The theory has been around for decades, but scientists finally proved that sperm whales have different dialects and perhaps a culture of their own, which helps them differentiate one group from another. In fact, it has been found that sperm whales gather among those most familiar with themselves and learn their ‘language’.
Researchers at the Dalhousie University, in Canada, have carefully tracked the patterns, rhythms and clicks of the sperm whale’s Morse-like language in order to assess how they find themselves segregated into different clans, and how they create their very own form of communication.
They followed two groups of sperm whales in the Galapagos Islands that have been roaming the waters since the 1980s. They placed microphones underneath the waters to track and understand their manner of communication, called codas, that consists of three to fifteen clicks at various rhythms and tempos.
They took pictures of each whale’s tail end upon their resurfacing in order to identify and differentiate between them. The pattern upon the ridge of the tail is similar to fingerprints in humans.
According to lead author of the study, Mauricio Cantor, who is a PhD candidate at the university, each clan of sperm whale has its own dialect after observing the variations from the two groups.
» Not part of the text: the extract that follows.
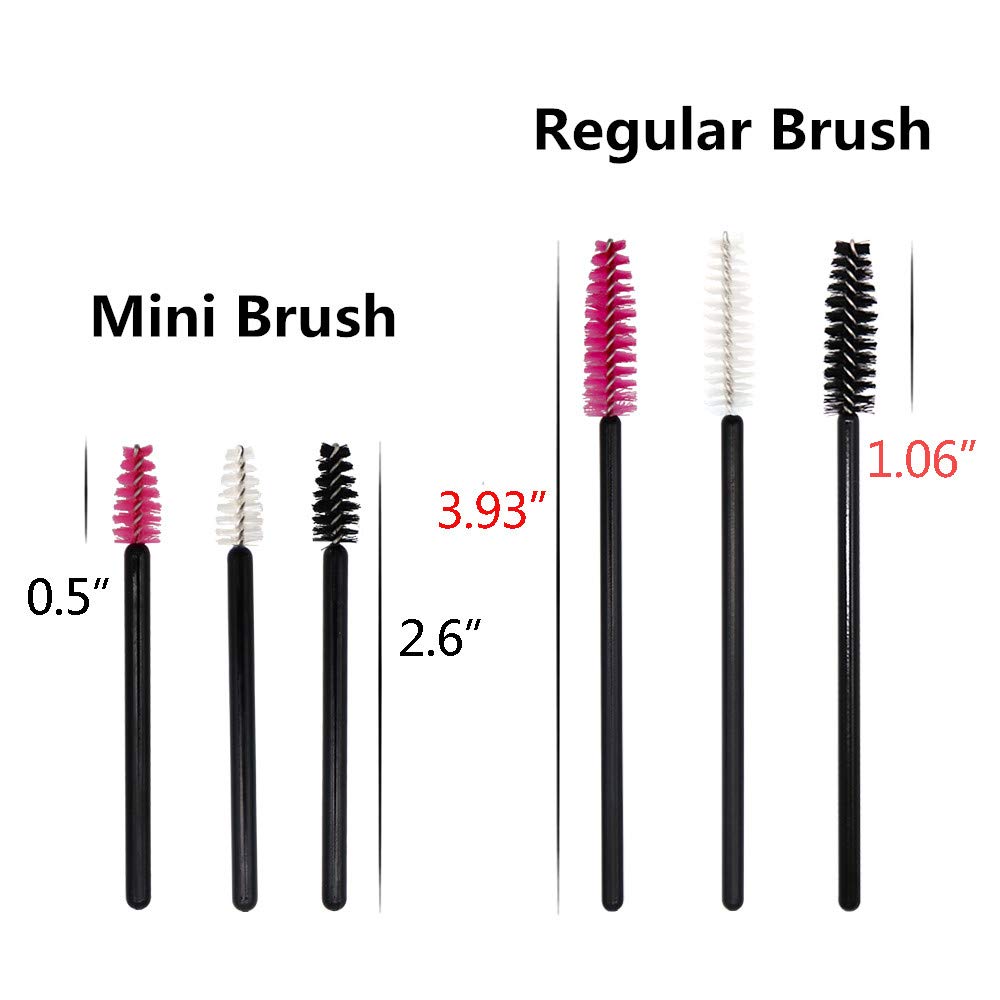 Aplicadores de Myaokue-Up en 8 colores para diferentes looks.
One, called the ‘regular clan’, had “regularly spaced clicks”, while the others, ‘plus-ones’, featured an “extended pause at the end before the last click”.
The conclusion has been drawn after extensive observations, collection of data and simulation of the whales’ lives on the computer to assess how they might’ve learned these differences in dialects that fueled the debate of existing cultures in animals. It’s a highly debated issue among scientists that has seen no definitive answer as of now.
Sperm whales might just have their very own culture, as it has been proven that the dialects among groups are not an innate feature or influenced by geographical location. In fact, their abilities and ways to communicate are formed due to a biased social learning that further separates them into clans.
Essentially, sperm whales learn alternative dialects from each other, and conforming to those around them that they find most similar. This may indicate that the marine animals do indeed form cultures of their owns, a trait that was previously attached strictly to humans.
Some experts say that this will fuel the fires of debate concerning development of cultures among animals, even though there is only a small number of scientists who believe it’s possible and that it can affect their behavior.
According to Cantor though, this study offers key evidence that such an ability is highly probable among other animals, and that we, as humans, might not be as different as we initially thought.